EXTRACTED ENTRIES:
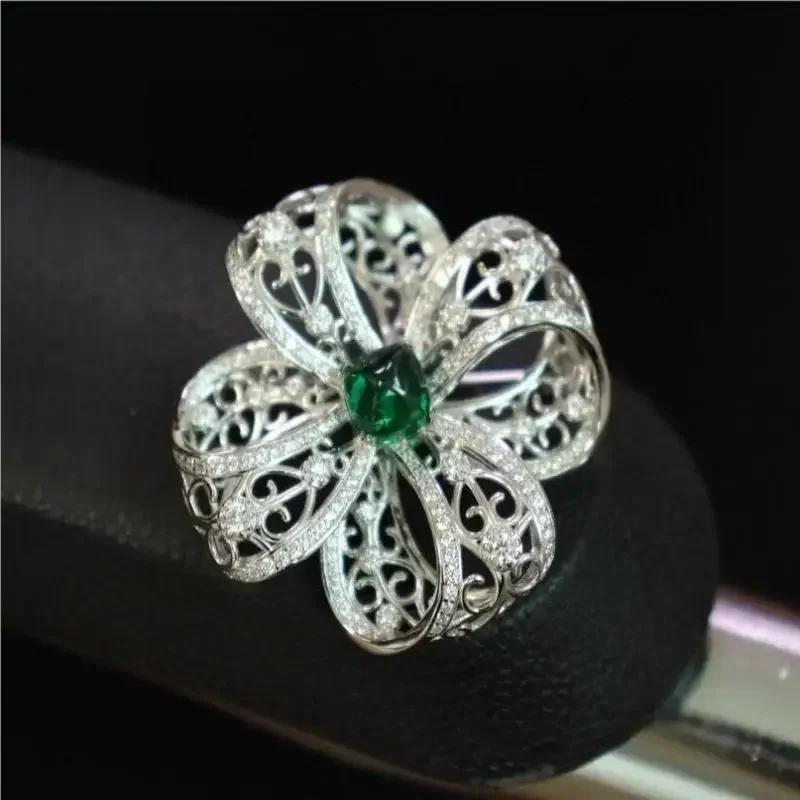 Ruif elegante s925 Silber Zircona Bowknot Brosche Edelsteine Schmuck für Frau Geschenk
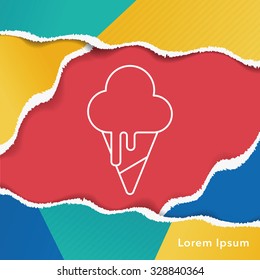 ice cream line icon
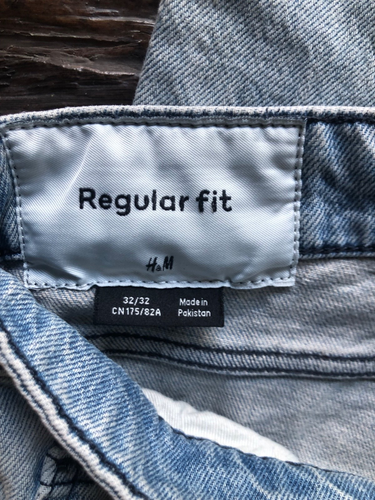 *** H& M Jeans Regulär fit Gr.32/32 cm mit Reißverschluss zu verkaufen** - Bild 3 von 5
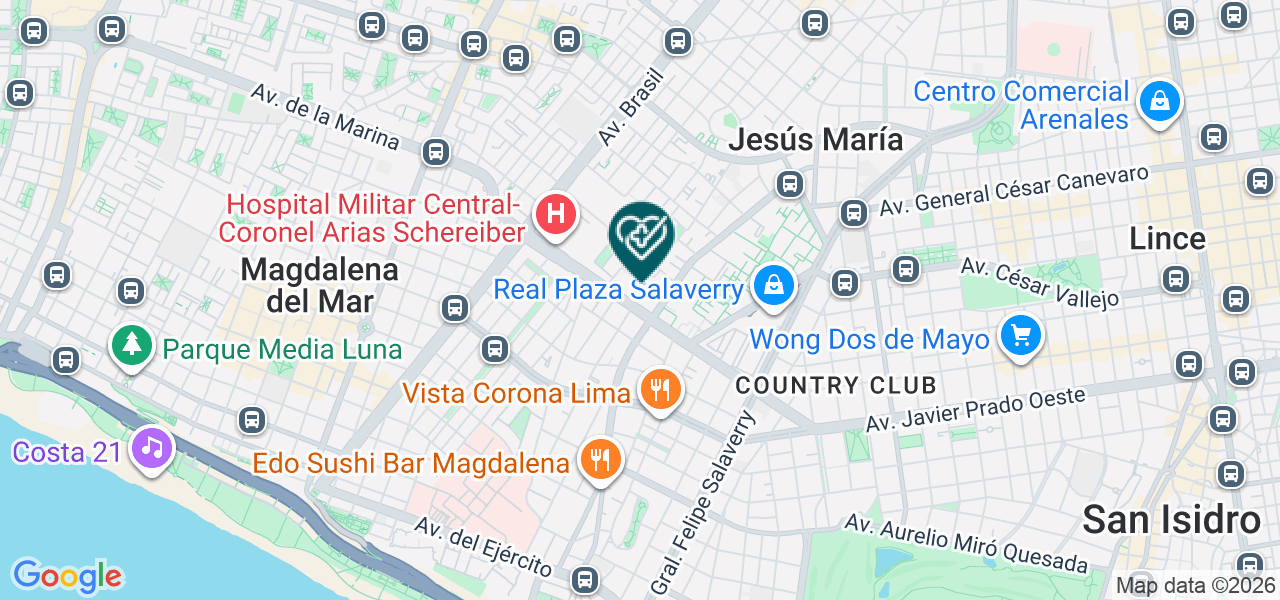 Mapa de Centro Pelvico Integral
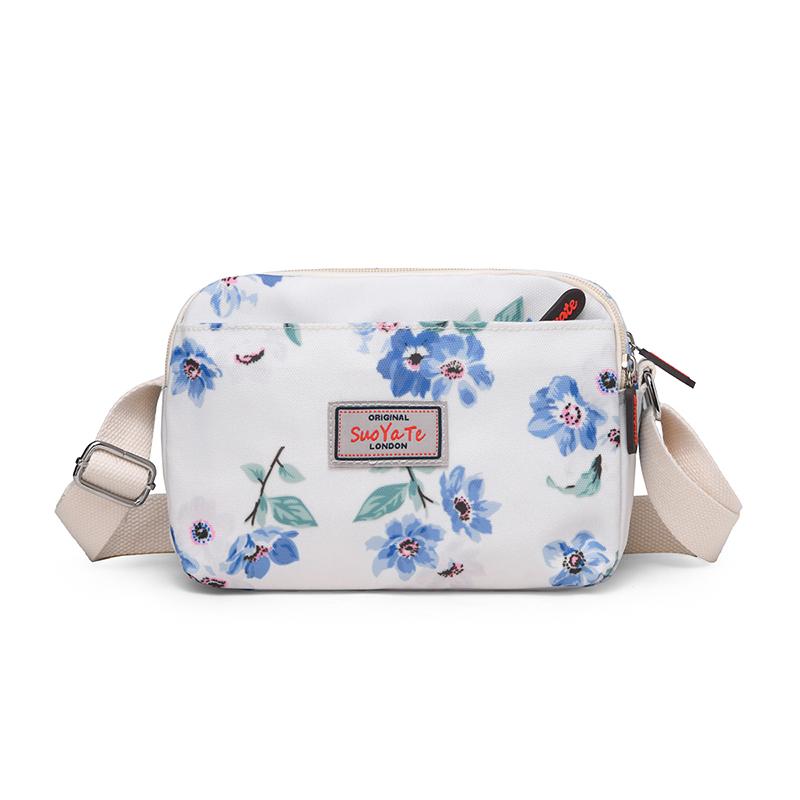 Bedruckte Umhängetasche Damen Leichte Crossbody-Tasche Muttertasche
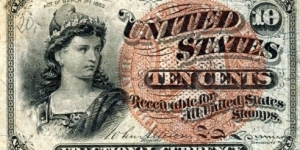 Fractional 10 Cents Banknote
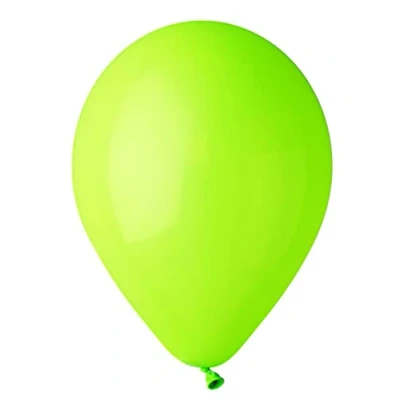 Image of Pack 100 balloons in natural latex Premium Quality G120 (Ø 33cm / 13&quot;), light green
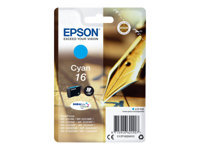 Bild von EPSON 16 Tinte cyan Standardkapazität 3.1ml 165 Seiten 1-pack blister ohne Alarm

DIRECTIONS:
Exactly repeat the material from its first line through the line with "Bedruckte Umhängetasche Damen", including both, and leave the pictures and everything else out.

SOLUTION:
 Ruif elegante s925 Silber Zircona Bowknot Brosche Edelsteine Schmuck für Frau Geschenk
 ice cream line icon
 *** H& M Jeans Regulär fit Gr.32/32 cm mit Reißverschluss zu verkaufen** - Bild 3 von 5
 Mapa de Centro Pelvico Integral
 Bedruckte Umhängetasche Damen Leichte Crossbody-Tasche Muttertasche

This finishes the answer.